3 Questions to Consider Before Taking on Student Loan Debt

What Parents and Students Should Know Before Taking Student Loans

student loan debt

Is it ever smart to take on significant debt to earn an academic degree? Yes. But students and parents need to think like prudent investors and consider a number of factors when making college-related financial decisions.

Take for example a young couple whom both carry student loans adding up to a total of over $1 million dollars. Even if the two both have jobs in the medical field with a combined income of over $600,000 it will likely take them over a decade before they are able to lift the burden of this heavy debt.

And that doesn’t include expenses that come with starting a family if they decide they want kids or an unexpected cut back on income if one of the partners is forced to work fewer hours. All of a sudden these major life changes make monthly loan payments look ominous and impossible. Many students and graduates have the same sort of issues that this couple faces and just how much weight student debt can have on your life and your finances.

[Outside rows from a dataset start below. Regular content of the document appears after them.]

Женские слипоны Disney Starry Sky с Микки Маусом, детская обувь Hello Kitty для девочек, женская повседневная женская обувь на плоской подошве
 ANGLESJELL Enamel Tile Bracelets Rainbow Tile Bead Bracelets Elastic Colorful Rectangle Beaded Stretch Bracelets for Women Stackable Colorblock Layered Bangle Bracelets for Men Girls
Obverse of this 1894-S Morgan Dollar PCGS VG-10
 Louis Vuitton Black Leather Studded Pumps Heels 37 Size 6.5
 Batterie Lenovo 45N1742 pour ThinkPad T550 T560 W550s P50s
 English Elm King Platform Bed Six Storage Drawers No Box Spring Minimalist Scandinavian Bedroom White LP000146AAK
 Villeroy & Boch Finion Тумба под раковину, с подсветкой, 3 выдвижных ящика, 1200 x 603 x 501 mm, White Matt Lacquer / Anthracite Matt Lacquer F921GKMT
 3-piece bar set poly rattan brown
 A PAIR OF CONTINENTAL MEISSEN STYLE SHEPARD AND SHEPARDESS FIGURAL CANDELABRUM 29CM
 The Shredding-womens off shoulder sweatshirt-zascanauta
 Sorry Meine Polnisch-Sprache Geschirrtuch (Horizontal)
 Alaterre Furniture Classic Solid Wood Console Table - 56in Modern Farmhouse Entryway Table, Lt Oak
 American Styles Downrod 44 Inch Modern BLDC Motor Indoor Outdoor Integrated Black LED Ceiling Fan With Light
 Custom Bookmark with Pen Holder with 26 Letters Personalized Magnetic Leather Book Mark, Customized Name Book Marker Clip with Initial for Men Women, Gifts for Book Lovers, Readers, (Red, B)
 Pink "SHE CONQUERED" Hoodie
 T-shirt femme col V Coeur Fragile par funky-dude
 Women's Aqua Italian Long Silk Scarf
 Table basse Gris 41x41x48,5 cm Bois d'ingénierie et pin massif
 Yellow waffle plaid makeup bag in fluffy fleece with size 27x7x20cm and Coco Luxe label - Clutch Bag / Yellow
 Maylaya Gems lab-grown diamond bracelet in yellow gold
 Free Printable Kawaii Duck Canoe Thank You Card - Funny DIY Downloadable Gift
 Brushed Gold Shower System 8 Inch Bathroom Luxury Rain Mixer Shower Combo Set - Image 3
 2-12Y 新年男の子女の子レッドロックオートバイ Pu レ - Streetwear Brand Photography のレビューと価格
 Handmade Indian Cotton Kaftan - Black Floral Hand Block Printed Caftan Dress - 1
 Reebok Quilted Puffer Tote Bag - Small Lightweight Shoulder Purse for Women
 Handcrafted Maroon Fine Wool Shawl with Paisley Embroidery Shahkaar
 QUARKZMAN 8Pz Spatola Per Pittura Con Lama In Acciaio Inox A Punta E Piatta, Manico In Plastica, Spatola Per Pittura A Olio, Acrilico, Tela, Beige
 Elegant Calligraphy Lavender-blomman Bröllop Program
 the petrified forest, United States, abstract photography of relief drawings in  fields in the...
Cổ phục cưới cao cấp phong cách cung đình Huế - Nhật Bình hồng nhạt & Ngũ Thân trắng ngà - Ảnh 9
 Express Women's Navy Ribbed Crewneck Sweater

The class of 2016 college graduates carried student debt averaging $37,172. The average graduate school debt is upwards of $30,000 for a master’s degree and could be upwards of $90,000 for a law, medical or another professional degree.

Before Making This Type of Investment, You’ll Want to Ask Yourself These Three Questions

How will this degree pay me in the future? For many, college is more than just earning an academic degree. It’s a place where young adults are free to figure out what it’s like to live on your own, learn new life, social and financial skills, make new friends, and learn how to develop a balanced social and work lifestyle.

With this in mind, it is essential to weigh the costs and benefits when deciding where and how much to invest in higher education. A good practice to try is to compare your likely earnings in the field you want to pursue against the cost of earning that particular degree. It’s probably not a best to take on $100,000 in debt at a choice private school if you know you want to be a social worker or become a wildlife specialist.

Why do I want to pay for this expensive school? To put this into perspective, remember that college is a consumer product like any other. Some colleges have very strong well-known brands with many years of traditions and excellent marketing techniques. It is important to look beyond all this when choosing a college because the highest student loan debt most often accumulates at private schools with very strong brands. But many public colleges and lesser-known private schools offer similar and even more education options and campus life for much less. A good tip to remember is that college is all about what you put into it, both inside and outside of the classroom. You may not be going to your dream school but with the right mindset, you can make the college you end up attending feel like home.

Choosing a less-elite school might even enrich your college experience by providing more chances to shine. A lot of the times, students tend to feel less confident about their academic abilities when attending a leading and reputable institution. Elite schools consist of all the high school students that were top of their class, which makes for challenging competition. Attending a public college may save you from unnecessary stress and pressure, providing you with a calmer route to success.

How can I lessen any college costs? Scholarships! There hundreds to thousands of scholarships available to students at any income levels. A lot of students are unaware of these scholarships opportunities because they figure they are not eligible for financial aid. Research some scholarship opportunities in your area and ask your guidance counselor or mentor for any suggestions.

Those who do end up taking on student loans also have some options for help. One great company to look into is SoFi.com which connects graduates with alumni (from the same alma mater) who are actively looking for a way to help reduce loan costs by reducing interest rates, sometimes lower than what a bank or subsidized lending institution can do.

Make sure to spend a significant amount of time researching and considering where you’ll go to college and how you are going to pay for it because this effort is sure to pay off big time.